The temporal-server containers simply loop, seemingly stuck with the following error message:
{"level":"error","ts":"2020-11-03T23:41:56.067Z","msg":"Error updating timer ack level for shard","service":"history","shard-id":4,"address":"127.0.0.1:7234","shard-item":"0xc0013dcd00","component":"timer-queue-processor","cluster-name":"active","error":"Failed to update shard.

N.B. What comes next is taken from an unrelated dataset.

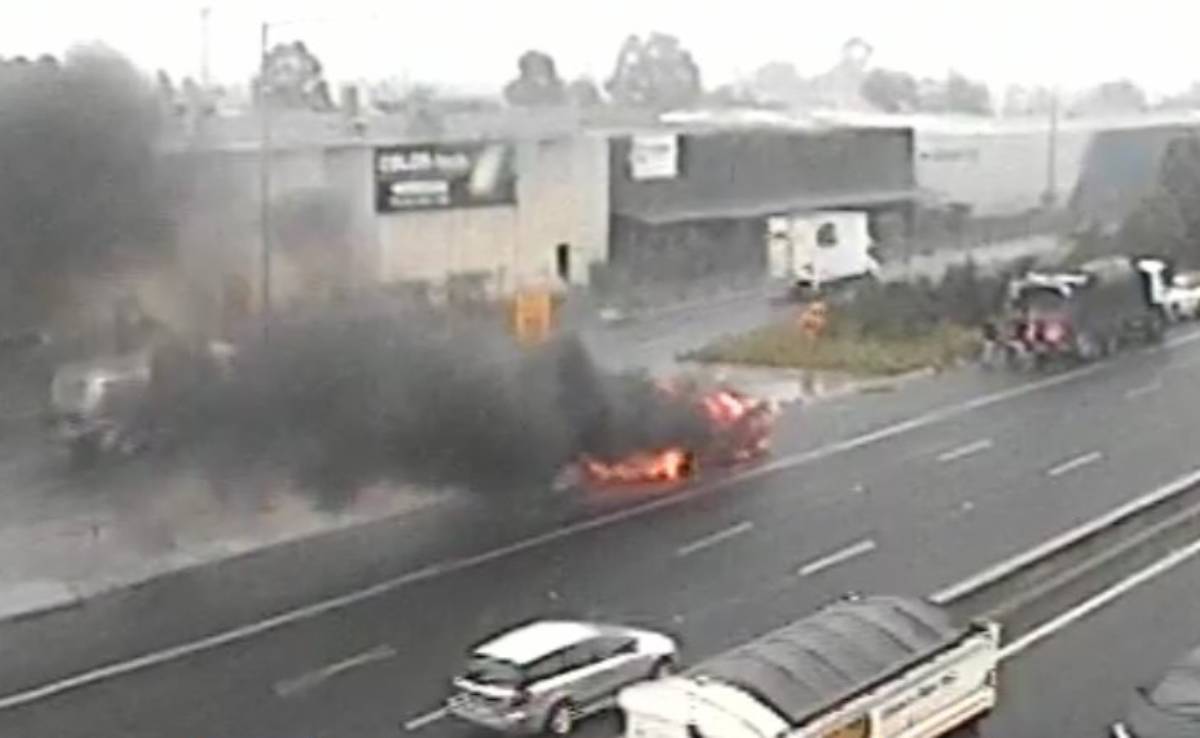 Article image for Car on fire at intersection of Dalton Road and Western Ring Road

Previous range ID: 5717; new range ID: 5718","logging-call-at":"timerQueueAckMgr.go:391","stacktrace":"go.temporal.io/server/common/log/loggerimpl.(*loggerImpl).Error\n\t/temporal/common/log/loggerimpl/logger.go:138\ngo.temporal.io/server/service/history.(*timerQueueAckMgrImpl).updateAckLevel\n\t/temporal/service/history/timerQueueAckMgr.go:391\ngo.temporal.io/server/service/history.(*timerQueueProcessorBase).internalProcessor\n\t/temporal/service/history/timerQueueProcessorBase.go:319\ngo.temporal.io/server/service/history.(*timerQueueProcessorBase).processorPump\n\t/temporal/service/history/timerQueueProcessorBase.go:194"}
I also see persistence failures:
{"level":"error","ts":"2020-11-03T23:41:10.869Z","msg":"Persistent store operation failure","service":"matching","component":"matching-engine","wf-task-queue-name":"/_sys/temporal-sys-tq-scanner-taskqueue-0/2","wf-task-queue-type":"Activity","store-operation":"update-task-queue","error":"Persistence Max QPS Reached.","logging-call-at":"taskReader.go:166","stacktrace":"go.temporal.io/server/common/log/loggerimpl.(*loggerImpl).Error\n\t/temporal/common/log/loggerimpl/logger.go:138\ngo.temporal.io/server/service/matching.(*taskReader).getTasksPump\n\t/temporal/service/matching/taskReader.go:166"}
Also seeing the following error rarely:
{"level":"error","ts":"2020-11-03T23:18:01.139Z","msg":"Error looking up host for shardID","service":"history","component":"shard-controller","address":"127.0.0.1:7234","error":"Not enough hosts to serve the request","operation-result":"OperationFailed","shard-id":1,"logging-call-at":"shardController.go:343","stacktrace":"go.temporal.io/server/common/log/loggerimpl.(*loggerImpl).Error\n\t/temporal/common/log/loggerimpl/logger.go:138\ngo.temporal.io/server/service/history.(*shardController).acquireShards.func1\n\t/temporal/service/history/shardController.go:343"}
The frontend API isn’t responding to tctl requests so I don’t have much to debug with right now. The frontend does show the grpc listener coming up though.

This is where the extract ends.